La goma delantera de la bicicleta chocó con la defensa de un gran camión de volteo. Caí al pavimento. El chofer dijo: “¡Niña, te estaba esperando!; venías por la senda contraria…” Aún recuerdo la camisa de cuadritos negros y amarillos de aquel chofer de tez oscura como la noche y una sonrisa de sol.

Tenía 12 años, era la mayor de tres hermanos intranquilos. El menor líder de cuanta bronca callejera existiera, siempre acudía en defensa del más débil.

El del medio, socarrón, no se quedaba atrás. Éramos el susto de la casa. Mamá castigaba y dejaba las quejas mayores para cuando papá regresara, era jefe de agronomía de varios centrales azucareros y siempre estaba de recorrido; por tanto, los fines de semana nos disfrutaba y sabíamos del “adiós a los castigos”. Sin embargo, su forma de imponer la disciplina era otra, traía libros adecuados para nuestra edad, hablaba de los centrales, de las variedades de caña. El azúcar también era nuestra vida.

Incluso, en una ocasión, muchos años después (siendo una joven) supe de la referencia del Che a los conocimientos y experiencia de mi padre como un ejemplo de maestría sobre el trabajo de la primera industria cubana. Tan así que cuando se “ancló” en un ingenio, mamá dijo: “El central de Carbó”.

Recortaba escritos de publicaciones de los diarios que consideraba nosotros debíamos leer, nunca impuso su criterio, sabía guiarnos. Mamá, aunque más severa a veces, se hacía de la vista gorda ante nuestras maldades callejeras y sonreía. El otro hombre de la familia, el abuelo materno, sin propagarlo, dejó huellas: leía cuanto papel impreso encontrara y luego, al mediodía, hacía sus conclusiones del juego de pelota o temas relacionados con la política. Fue él quien primero me habló del conflicto israelí palestino. Estos últimos, sus temas preferidos.
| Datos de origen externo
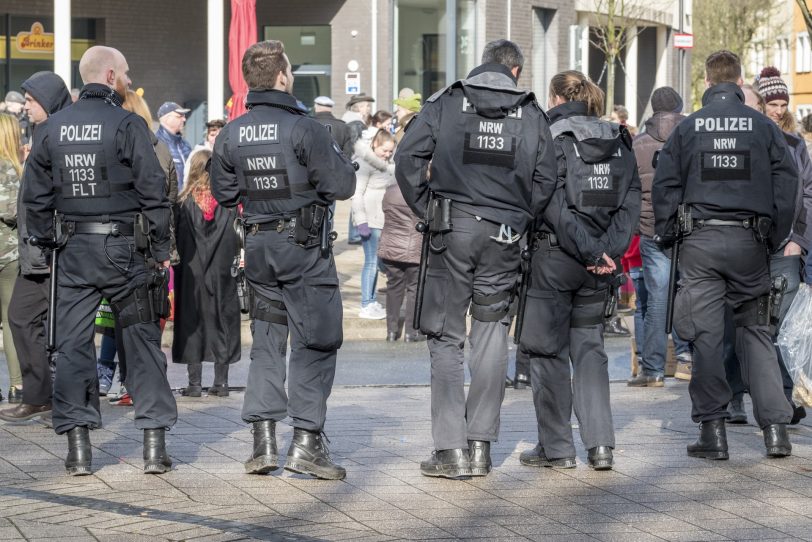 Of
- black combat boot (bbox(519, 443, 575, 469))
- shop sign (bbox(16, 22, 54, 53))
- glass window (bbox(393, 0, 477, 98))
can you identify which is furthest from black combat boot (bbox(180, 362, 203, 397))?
glass window (bbox(393, 0, 477, 98))

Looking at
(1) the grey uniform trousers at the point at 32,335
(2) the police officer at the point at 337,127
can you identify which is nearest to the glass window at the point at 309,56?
(2) the police officer at the point at 337,127

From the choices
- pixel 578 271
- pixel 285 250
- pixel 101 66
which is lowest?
pixel 578 271

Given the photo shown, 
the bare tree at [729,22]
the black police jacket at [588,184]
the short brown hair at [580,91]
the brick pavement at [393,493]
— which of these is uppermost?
the bare tree at [729,22]

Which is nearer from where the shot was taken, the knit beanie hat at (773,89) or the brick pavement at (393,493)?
the brick pavement at (393,493)

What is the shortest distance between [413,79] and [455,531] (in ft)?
82.3

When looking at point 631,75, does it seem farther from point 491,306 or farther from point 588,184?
point 491,306

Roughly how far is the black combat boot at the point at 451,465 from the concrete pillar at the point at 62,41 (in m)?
16.2

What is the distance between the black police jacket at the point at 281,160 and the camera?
657 cm

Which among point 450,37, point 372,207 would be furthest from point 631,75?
point 372,207

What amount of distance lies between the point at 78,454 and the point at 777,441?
3.42m

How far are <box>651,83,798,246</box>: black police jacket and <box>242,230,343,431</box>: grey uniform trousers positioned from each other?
1845 millimetres

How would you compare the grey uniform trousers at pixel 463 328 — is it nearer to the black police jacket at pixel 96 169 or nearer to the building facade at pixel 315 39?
the black police jacket at pixel 96 169

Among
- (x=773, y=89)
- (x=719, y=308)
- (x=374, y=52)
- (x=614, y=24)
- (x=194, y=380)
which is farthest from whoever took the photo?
(x=614, y=24)

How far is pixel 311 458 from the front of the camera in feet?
21.5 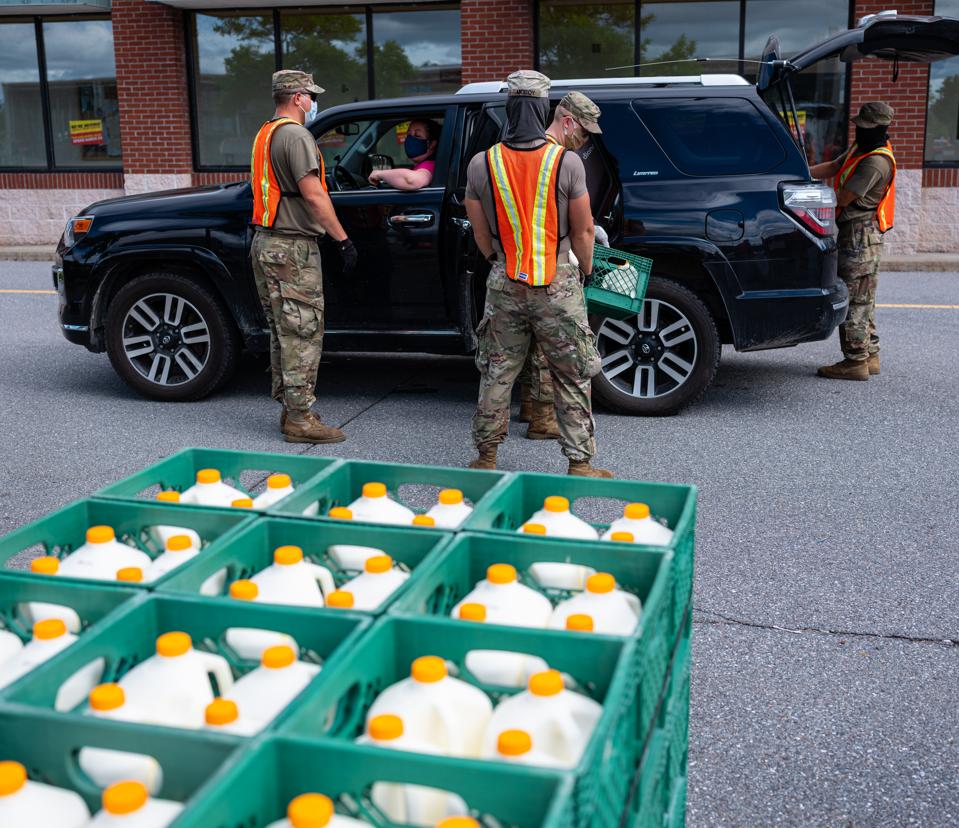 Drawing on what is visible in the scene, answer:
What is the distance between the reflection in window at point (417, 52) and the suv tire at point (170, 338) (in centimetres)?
1052

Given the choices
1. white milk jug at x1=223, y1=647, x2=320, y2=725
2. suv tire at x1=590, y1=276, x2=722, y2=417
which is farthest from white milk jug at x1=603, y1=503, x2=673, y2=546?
suv tire at x1=590, y1=276, x2=722, y2=417

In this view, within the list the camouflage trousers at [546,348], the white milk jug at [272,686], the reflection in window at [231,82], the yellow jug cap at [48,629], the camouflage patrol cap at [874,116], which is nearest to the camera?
the white milk jug at [272,686]

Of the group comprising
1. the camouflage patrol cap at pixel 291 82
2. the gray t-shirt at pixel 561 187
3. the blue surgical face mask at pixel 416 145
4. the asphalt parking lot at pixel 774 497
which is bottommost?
the asphalt parking lot at pixel 774 497

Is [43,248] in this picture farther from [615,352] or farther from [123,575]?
[123,575]

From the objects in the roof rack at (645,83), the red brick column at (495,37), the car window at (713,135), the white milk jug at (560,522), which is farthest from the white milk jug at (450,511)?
the red brick column at (495,37)

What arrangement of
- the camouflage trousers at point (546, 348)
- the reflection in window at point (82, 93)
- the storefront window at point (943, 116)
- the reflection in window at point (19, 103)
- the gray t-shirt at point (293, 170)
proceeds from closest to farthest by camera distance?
the camouflage trousers at point (546, 348), the gray t-shirt at point (293, 170), the storefront window at point (943, 116), the reflection in window at point (82, 93), the reflection in window at point (19, 103)

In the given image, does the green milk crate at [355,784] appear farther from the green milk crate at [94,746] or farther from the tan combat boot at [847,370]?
the tan combat boot at [847,370]

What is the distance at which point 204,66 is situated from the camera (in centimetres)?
1786

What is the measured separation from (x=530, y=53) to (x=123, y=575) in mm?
15266

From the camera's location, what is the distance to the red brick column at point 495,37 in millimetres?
16141

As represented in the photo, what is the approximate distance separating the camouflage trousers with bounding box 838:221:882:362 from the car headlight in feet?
16.9

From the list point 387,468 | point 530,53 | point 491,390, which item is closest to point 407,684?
point 387,468

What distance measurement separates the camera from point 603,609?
2.01 metres

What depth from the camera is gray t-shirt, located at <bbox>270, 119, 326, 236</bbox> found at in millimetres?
6266
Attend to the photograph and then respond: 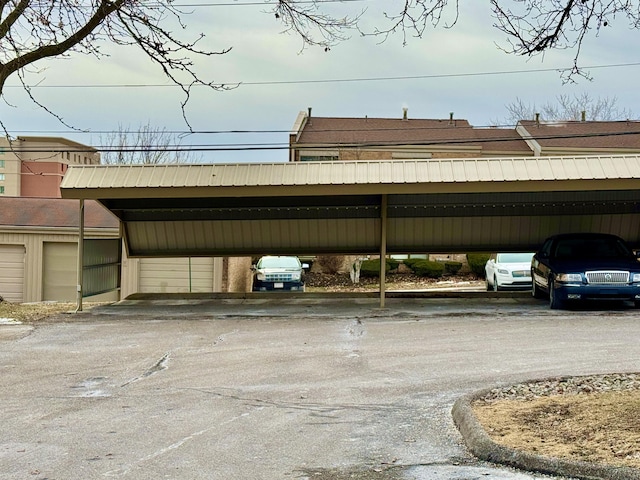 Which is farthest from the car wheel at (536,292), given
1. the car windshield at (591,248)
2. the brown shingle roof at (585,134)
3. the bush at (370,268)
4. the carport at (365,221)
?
the brown shingle roof at (585,134)

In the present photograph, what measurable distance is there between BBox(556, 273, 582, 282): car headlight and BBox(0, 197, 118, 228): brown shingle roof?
16.8 metres

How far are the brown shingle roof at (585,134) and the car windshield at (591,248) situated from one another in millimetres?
20498

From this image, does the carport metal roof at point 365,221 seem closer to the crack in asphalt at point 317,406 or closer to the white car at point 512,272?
the white car at point 512,272

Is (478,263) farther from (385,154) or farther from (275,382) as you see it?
(275,382)

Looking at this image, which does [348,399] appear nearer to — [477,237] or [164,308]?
[164,308]

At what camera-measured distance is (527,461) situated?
18.1 ft

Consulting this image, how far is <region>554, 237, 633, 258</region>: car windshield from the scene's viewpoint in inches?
666

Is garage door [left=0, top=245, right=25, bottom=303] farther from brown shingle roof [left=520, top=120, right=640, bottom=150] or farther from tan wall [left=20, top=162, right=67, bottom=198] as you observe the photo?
tan wall [left=20, top=162, right=67, bottom=198]

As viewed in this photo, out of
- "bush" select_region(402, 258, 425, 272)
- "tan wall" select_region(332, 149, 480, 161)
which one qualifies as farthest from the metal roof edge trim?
"tan wall" select_region(332, 149, 480, 161)

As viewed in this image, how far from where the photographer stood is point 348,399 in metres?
8.40

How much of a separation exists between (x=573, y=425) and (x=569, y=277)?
9.84 metres

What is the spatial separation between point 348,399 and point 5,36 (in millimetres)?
7659

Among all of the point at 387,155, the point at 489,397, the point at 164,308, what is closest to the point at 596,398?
the point at 489,397

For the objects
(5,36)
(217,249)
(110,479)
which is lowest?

Claro, Braudilio Vinent era (su) el mejor pelotero del mundo. Este domingo evoco a dos hombres de diferentes épocas con los mismos niños de frente, cada uno con su forma de educar. Papá iba a las reuniones de la escuela porque mamá había pronosticado, en tono reservado, “¡…que la maestra no me mande a buscar!”.

Éramos ejemplares ante tamaña advertencia. Reitero, dos hombres de diferentes escuelas de la vida, frente a tres niños a quienes los unía el amor convergente del padre y el abuelo. Recuerdos difíciles de olvidar.